Dışişleri, "Karar, 'soykırım' ifadesinin ciddi bir hukuki boyutu
olduğunu görmezden gelen görüşlerin yanlışlığını da
vurgulamaktadır." dedi.
İşçi Partisi Genel Başkanı Doğu Perinçek'in İsviçre aleyhine
yaptığı başvuruyu değerlendiren AİHM, hassas ve tartışmalı
konularda da fikir beyan etmenin ifade özgürlüğünün temel
unsurlarından olduğuna dikkat çekti. Dışişleri Bakanlığı’ndan
yapılan değerlendirmede, AİHM’ce dün açıklanan 'Perinçek-İsviçre'
davasına ilişkin kararla, İsviçre mahkemelerince adı geçenin '1915
olaylarının soykırım olarak yorumlanamayacağı' yönündeki beyanları
yüzünden mahkûm edilmesinin, Avrupa İnsan Hakları Sözleşmesi’nin
ifade özgürlüğünü düzenleyen 10. maddesinin ihlalini teşkil ettiği
hükme bağlandığı kaydedildi. İsviçre-Ermenistan Derneği’nin
şikâyeti üzerine açılan davada, İsviçre Ceza Kanunu’nun 'ırkçılıkla
mücadele'ye ilişkin maddesi çerçevesinde 'soykırımı inkâr'
gerekçesiyle mahkûmiyet kararı verilmişti.

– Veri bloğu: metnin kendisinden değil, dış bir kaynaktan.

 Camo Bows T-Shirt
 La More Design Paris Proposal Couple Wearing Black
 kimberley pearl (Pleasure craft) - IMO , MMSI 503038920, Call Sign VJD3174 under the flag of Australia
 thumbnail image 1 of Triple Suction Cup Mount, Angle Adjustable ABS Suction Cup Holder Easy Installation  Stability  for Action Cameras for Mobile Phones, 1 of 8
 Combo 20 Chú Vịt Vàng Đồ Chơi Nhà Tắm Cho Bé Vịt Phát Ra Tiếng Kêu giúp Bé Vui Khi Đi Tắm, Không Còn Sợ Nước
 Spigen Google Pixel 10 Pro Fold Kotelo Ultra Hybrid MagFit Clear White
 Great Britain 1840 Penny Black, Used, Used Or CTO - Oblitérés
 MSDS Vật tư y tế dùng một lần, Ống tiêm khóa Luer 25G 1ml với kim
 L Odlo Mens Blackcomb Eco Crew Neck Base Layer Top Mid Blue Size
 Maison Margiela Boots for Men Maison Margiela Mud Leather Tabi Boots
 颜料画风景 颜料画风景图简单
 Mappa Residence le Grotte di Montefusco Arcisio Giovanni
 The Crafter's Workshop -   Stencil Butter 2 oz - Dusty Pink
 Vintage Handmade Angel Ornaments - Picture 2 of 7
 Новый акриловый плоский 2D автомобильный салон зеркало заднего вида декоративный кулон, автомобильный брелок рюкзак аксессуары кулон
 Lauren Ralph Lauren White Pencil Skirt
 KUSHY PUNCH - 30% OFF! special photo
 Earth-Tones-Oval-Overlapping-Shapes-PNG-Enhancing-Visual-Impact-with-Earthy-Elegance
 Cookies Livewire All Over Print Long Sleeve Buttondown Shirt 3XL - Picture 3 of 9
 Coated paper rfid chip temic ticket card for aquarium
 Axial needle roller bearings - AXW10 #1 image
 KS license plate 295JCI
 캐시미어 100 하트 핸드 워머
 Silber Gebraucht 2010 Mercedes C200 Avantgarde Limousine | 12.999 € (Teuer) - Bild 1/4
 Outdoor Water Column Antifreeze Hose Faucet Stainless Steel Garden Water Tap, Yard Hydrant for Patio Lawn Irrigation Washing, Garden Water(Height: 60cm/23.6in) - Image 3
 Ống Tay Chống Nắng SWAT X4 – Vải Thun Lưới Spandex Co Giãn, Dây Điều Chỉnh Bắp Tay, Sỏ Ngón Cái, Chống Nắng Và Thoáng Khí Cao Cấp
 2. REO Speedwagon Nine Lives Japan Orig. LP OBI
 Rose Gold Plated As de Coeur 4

Dışişleri açıklamasında, "AİHM’nin kararı özgür, demokratik ve
hukukun üstünlüğü ilkesine bağlı toplumların temel unsuru olan
ifade özgürlüğünün korunması bakımından bir milat teşkil
etmektedir. AİHM kararının, gerek tarihin ve hukukun
siyasileştirilmesine gerek tarihe tek taraflı bakışın hukuk yoluyla
tescil ettirilmeye çalışılmasına yönelik girişimlere karşı önemli
bir uyarı olduğu aşikârdır." denildi. Ülkeyi her bakımdan yakından
ilgilendiren bu davaya devletçe de müdahil olunmuş ve bu çerçevede
AİHM’ye görüş verildiğini belirten Dışişleri Bakanlığı, "AİHM’nin,
‘soykırımın’ son derece kesin tanımlanmış ve ispat şartları tespit
edilmiş bir suç olduğunu uluslararası mahkeme içtihatlarına atıfla
ortaya koyması ve bu bağlamda meşru bir tartışma konusu olan ‘1915
olaylarının’ tarihsel ve hukuki olarak Holokost’tan farklı
olduğunun altını kalın çizgilerle çizmesi, önemli bir tespittir.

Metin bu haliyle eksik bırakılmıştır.